● TASK GOAL
Every entry that follows should be output exactly, and every image in it left out.

● Short web captions
-*-*-

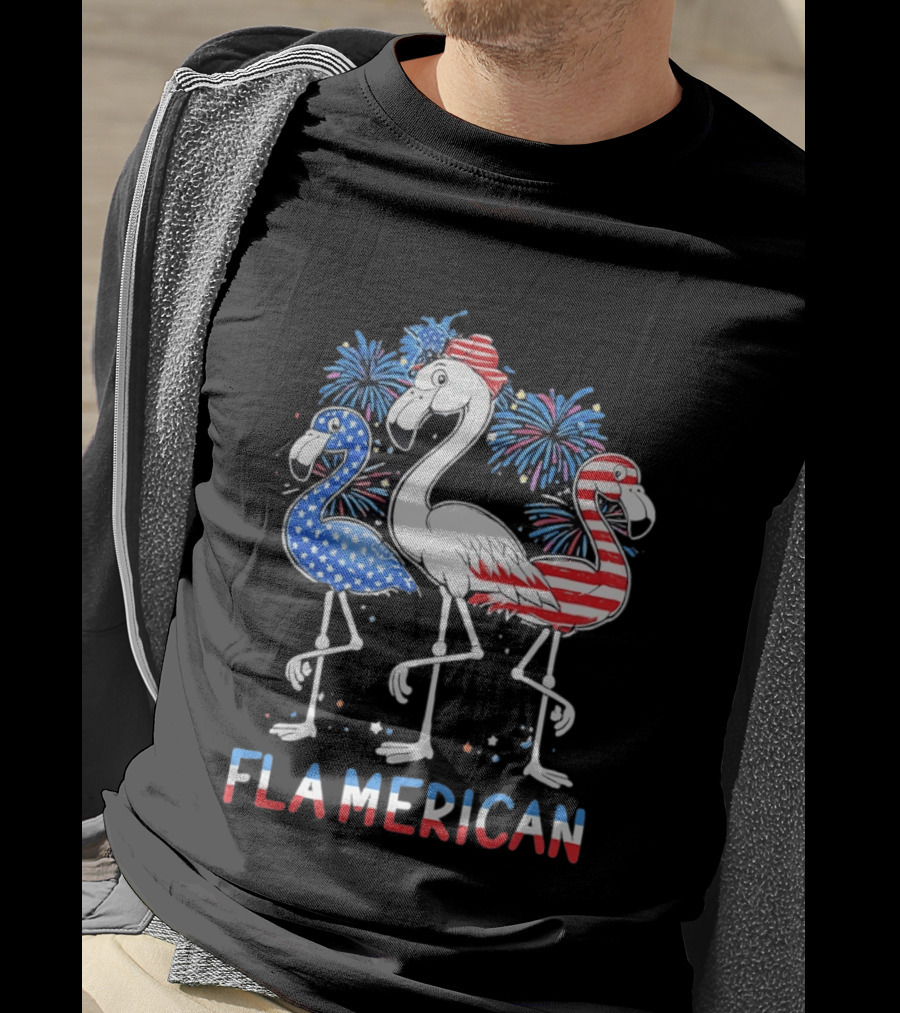 Flamerican Flamingo Fireworks Patriotic Fourth Of July T-Shirt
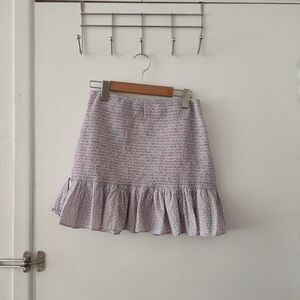 Chic Lavender Ruffle Hem Skirt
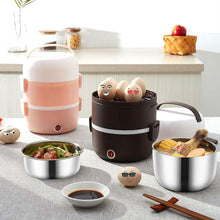 Load image into Gallery viewer, LINGRUI Multi-Function Electric Lunch Box Electric Heating Insulation Cooking Mini Rice Cooker, CN Plug, Double Layer, Three Layer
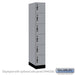 Salsbury 12" Wide Premier Wood Locker - Six Tier Box Style - 1 Wide - 6 Feet High - 21" Deep - Winter Fog - Hasps - Sweatfully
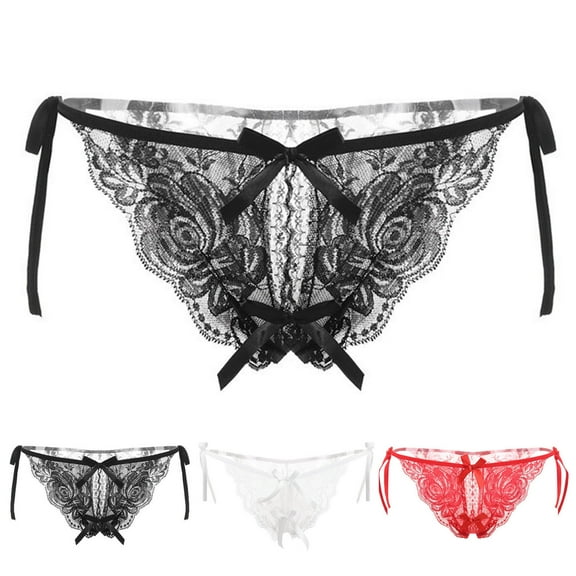 Elainilye Fashion Cotton Bikini Underwear Women Sexy Crotchless Lingerie Lace Bow Bikini Panties Pearl Silky Lace Brife,Red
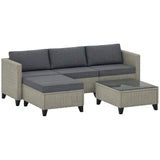 5-Piece PE Rattan Garden Corner Sofa Set with Glass Coffee Table and Footstool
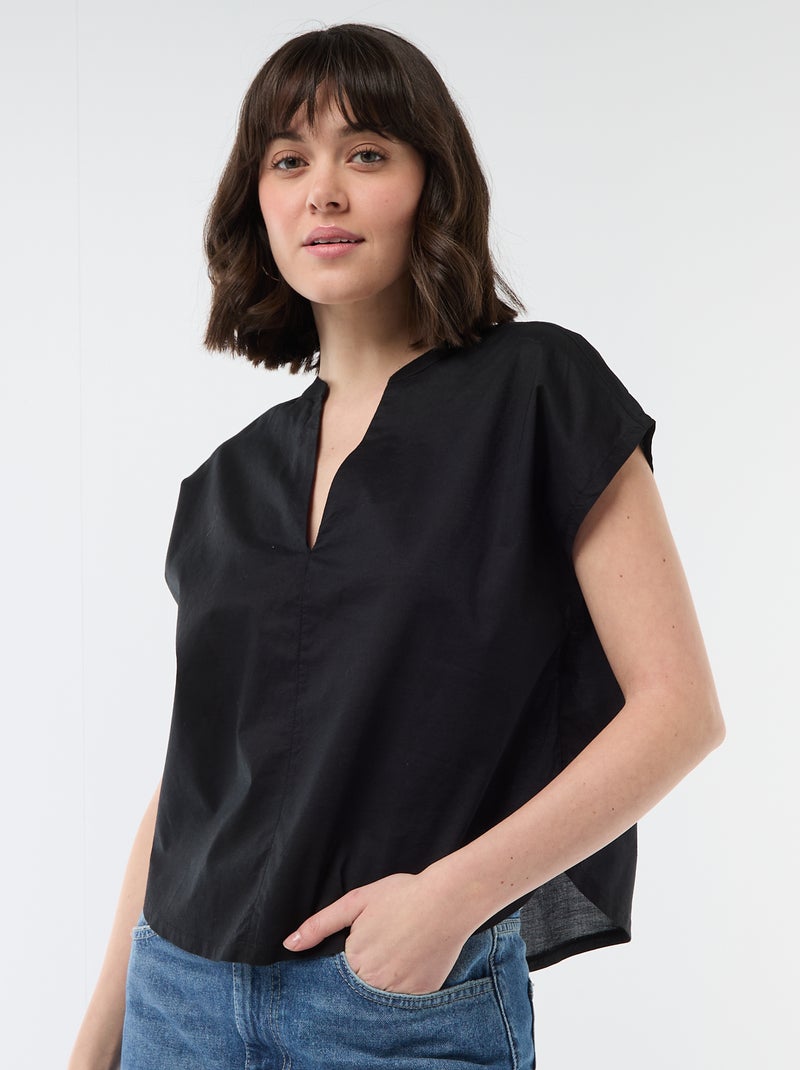 Blouse met korte mouwen en V-hals Zwart - Kiabi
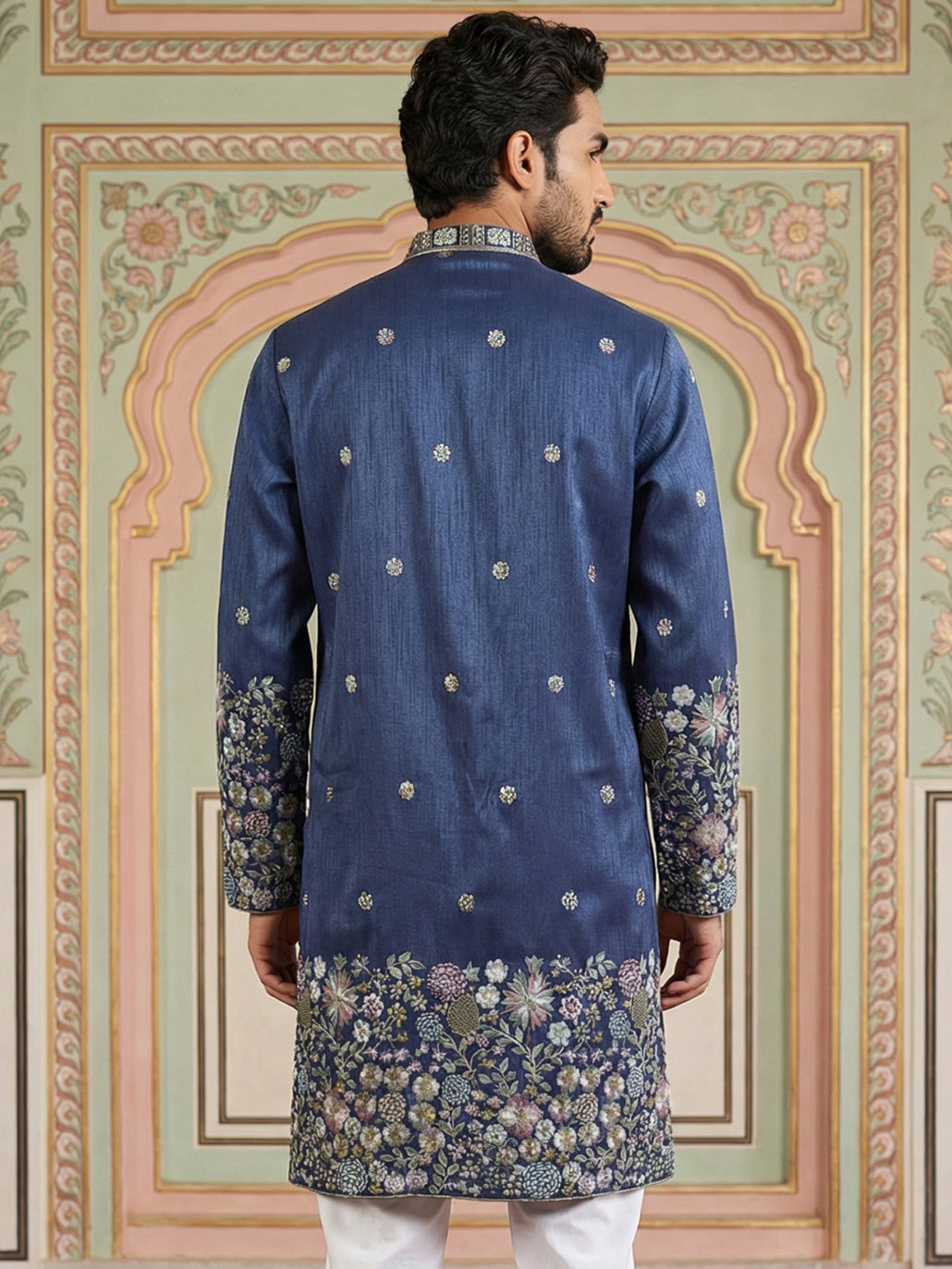 Men Silk Blend Embroidered Kurta ( 65KO 5466Navy ) [FF] [Q-11-14]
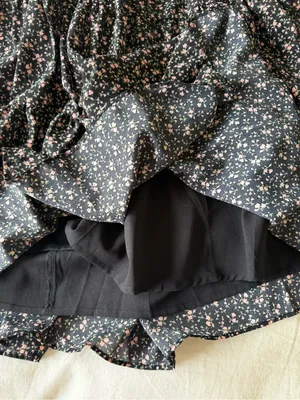English Factory NWT Black Floral Puff-Sleeve Dress with Pink Flowers thumbnail 5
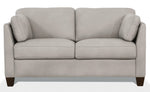 Matias Dusty White Leather Loveseat with Sloped Armrests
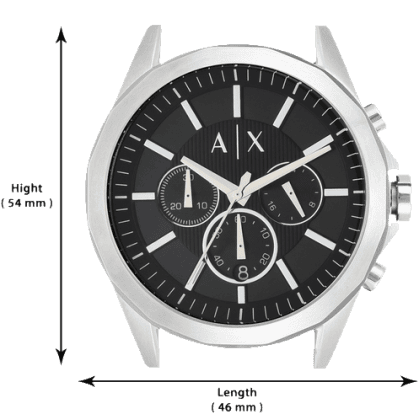 Armani Exchange Drexler AX2600 Men's Chronograph Watch – Black Dial with Silver Stainless Steel Strap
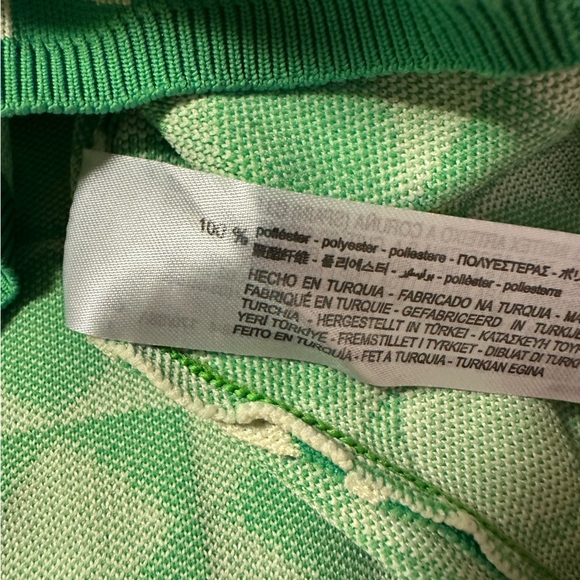 Zara Green Cream Geometric Button Front Cardigan Sweater Cropped Fitted - Picture 11 of 12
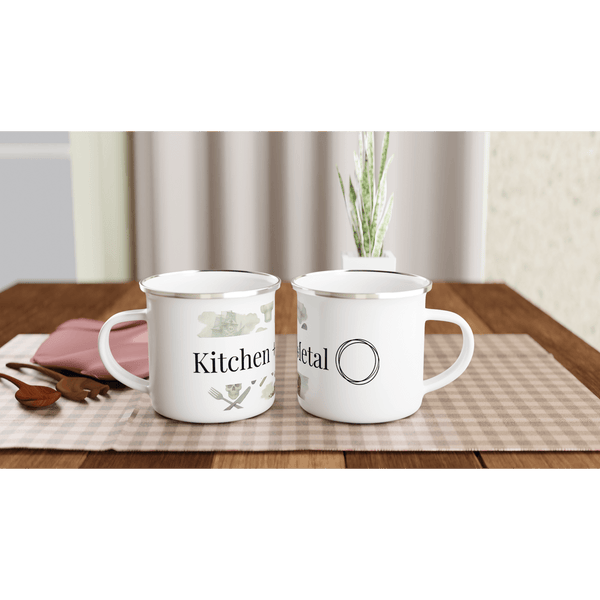 White 12oz Enamel Mug | Coffee Mugs | Kitchen + Metal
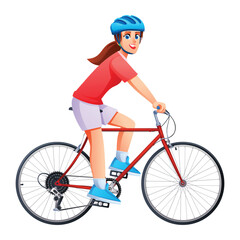 Sporty woman wearing helmet riding road bike for fitness and daily commute. Vector cartoon character illustration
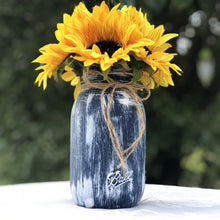 Load image into Gallery viewer, Navy mason jar wedding centerpieces with sunflowers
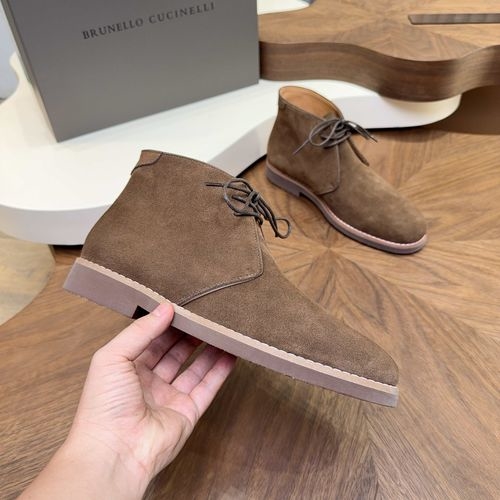 Brunello Cucinelli BC Suede Chelsea Boots With Goodyear Craftsmanship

-*-*-

● RESPONSE TO THIS TASK
 Flamerican Flamingo Fireworks Patriotic Fourth Of July T-Shirt
 Chic Lavender Ruffle Hem Skirt
 Load image into Gallery viewer, LINGRUI Multi-Function Electric Lunch Box Electric Heating Insulation Cooking Mini Rice Cooker, CN Plug, Double Layer, Three Layer
 Salsbury 12" Wide Premier Wood Locker - Six Tier Box Style - 1 Wide - 6 Feet High - 21" Deep - Winter Fog - Hasps - Sweatfully
 Elainilye Fashion Cotton Bikini Underwear Women Sexy Crotchless Lingerie Lace Bow Bikini Panties Pearl Silky Lace Brife,Red
 5-Piece PE Rattan Garden Corner Sofa Set with Glass Coffee Table and Footstool
 Blouse met korte mouwen en V-hals Zwart - Kiabi
 Men Silk Blend Embroidered Kurta ( 65KO 5466Navy ) [FF] [Q-11-14]
English Factory NWT Black Floral Puff-Sleeve Dress with Pink Flowers thumbnail 5
 Matias Dusty White Leather Loveseat with Sloped Armrests
 Armani Exchange Drexler AX2600 Men's Chronograph Watch – Black Dial with Silver Stainless Steel Strap
 Zara Green Cream Geometric Button Front Cardigan Sweater Cropped Fitted - Picture 11 of 12
 White 12oz Enamel Mug | Coffee Mugs | Kitchen + Metal
 Sporty woman wearing helmet riding road bike for fitness and daily commute. Vector cartoon character illustration
 Load image into Gallery viewer, Navy mason jar wedding centerpieces with sunflowers
 Brunello Cucinelli BC Suede Chelsea Boots With Goodyear Craftsmanship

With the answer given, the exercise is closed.